Discussion points to get you thinking.
Links to read and listen on.
NOTHING yet about about 2025… but fear not, I’m on the case.
Our December Little Women events
Things to note about our December events:
Children who have read the book are welcome to attend (suggested age 9+), please just drop me an email to let me know beforehand.
“Christmas won’t be Christmas without any presents…” Well, I can’t disagree with Jo March, so please pick a book from your own shelves, wrap it up and bring it along to swap with another member in our Emily’s Walking Book Club literary Secret Santa. Feel free to inscribe the book, enclose a note, or leave it blank. I’ll bring a few extra, so everyone will leave with a book.
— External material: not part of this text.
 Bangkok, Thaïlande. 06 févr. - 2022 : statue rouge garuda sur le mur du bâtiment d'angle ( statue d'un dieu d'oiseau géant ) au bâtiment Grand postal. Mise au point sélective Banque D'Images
Finally, as ever, for the benefit of your fellow walkers, you need to have read the book before coming along to a walking book club. If you’ve not read the book, you are very welcome to join the zoom instead.
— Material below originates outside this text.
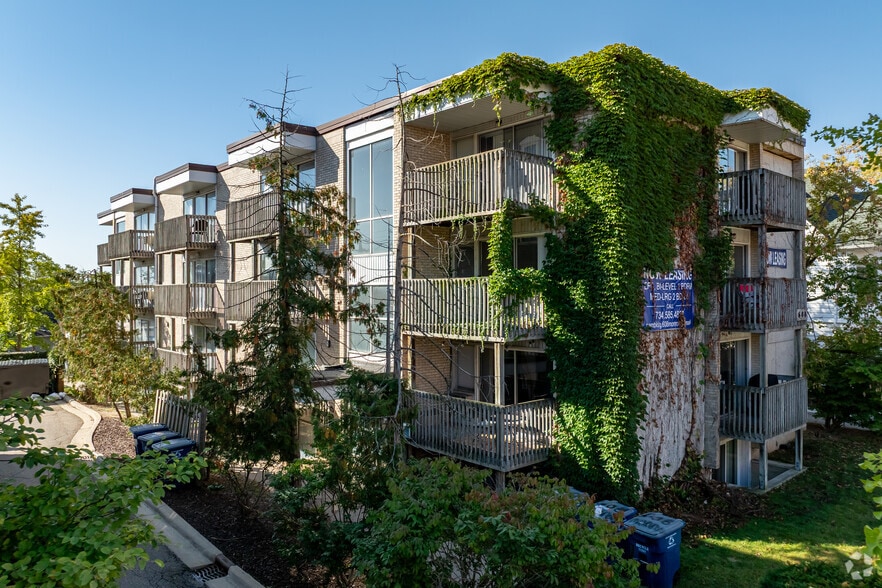 Primary Photo - University Plaza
Emily’s Regent’s Park Walking Book Club & Seasonal Book Swap
Friday 13th December 12-1.45pm, setting off from Daunt Books, 84 Marylebone High Street, W1U 4QW, £8-15. (Meet in the Europe section of the bookshop.)
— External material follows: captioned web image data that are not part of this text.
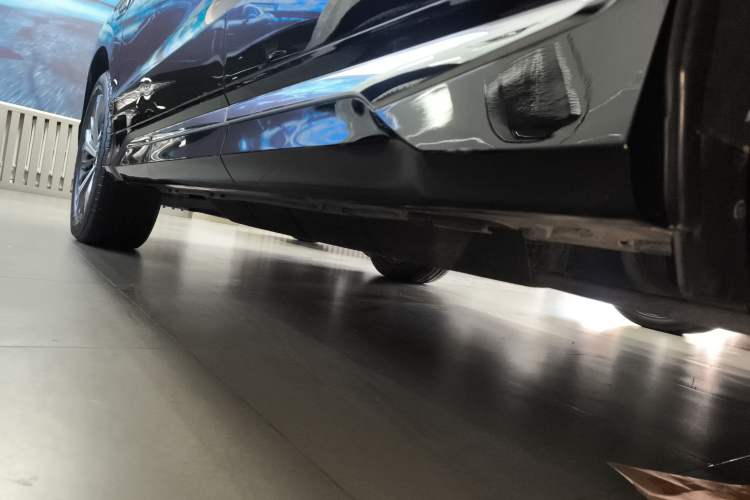 Used Honda UR-V 2020 370TURBO Four-Wheel Drive Prestige Edition Left Side Sill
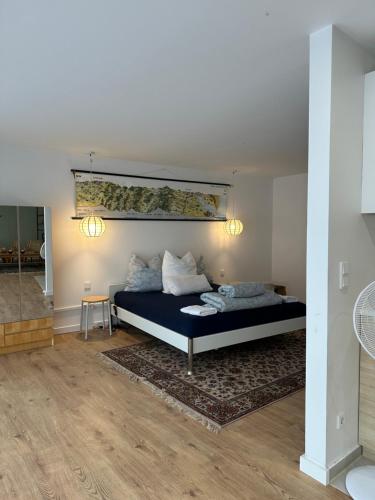 埃森Lofts V26的一间卧室配有一张带蓝色床单和枕头的床。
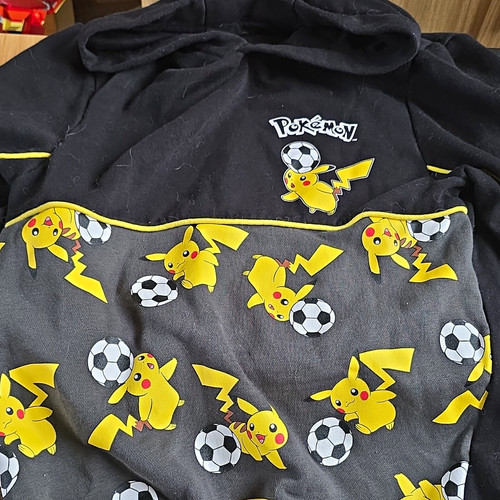 Pokémon pikachu boys pullover - pikachu,
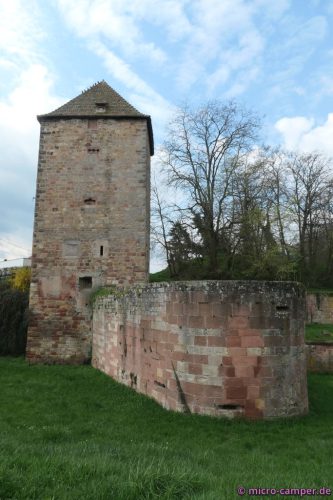 Erhaltene Reste der Stadtmauer mit Turm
Emily’s Hampstead Heath Walking Book Club & Seasonal Book Swap
Sunday 15th December, 11.30-1pm, setting off from Daunt Books Hampstead, 51 South End Road, NW3 2QB, £8-15
Emily’s Zoom Book Club: Monday 16th December, 8-9pm, £1-15
Buy Little Women from Daunt Books HERE and receive 10% off using the code WBC at checkout, or just tell them you’re in Emily’s Walking Book Club if you’re buying it in the shop.
Introduction & Discussion Points
In this classic children’s novel, dearly loved by grown-ups too, we follow the lives of the March sisters, Meg, Jo, Beth and Amy, as they grow up in Massachusetts against the backdrop of the American Civil War. Beginning with an unforgettable Christmas, we join them for ice skating, piano-playing, writing, hair-cutting (!), love affairs and devastating illness. It is a delight to revisit this beloved children’s story as an adult, while also taking note of the religiosity and gender politics at play.
N.B. Many people have asked whether we are discussing the English or American edition of the book (the latter is longer). We are going for the English, Penguin / Puffin edition, but of course if you’ve read the American ed, or the English sequels, that’s also great - we always talk beyond the pages in any case.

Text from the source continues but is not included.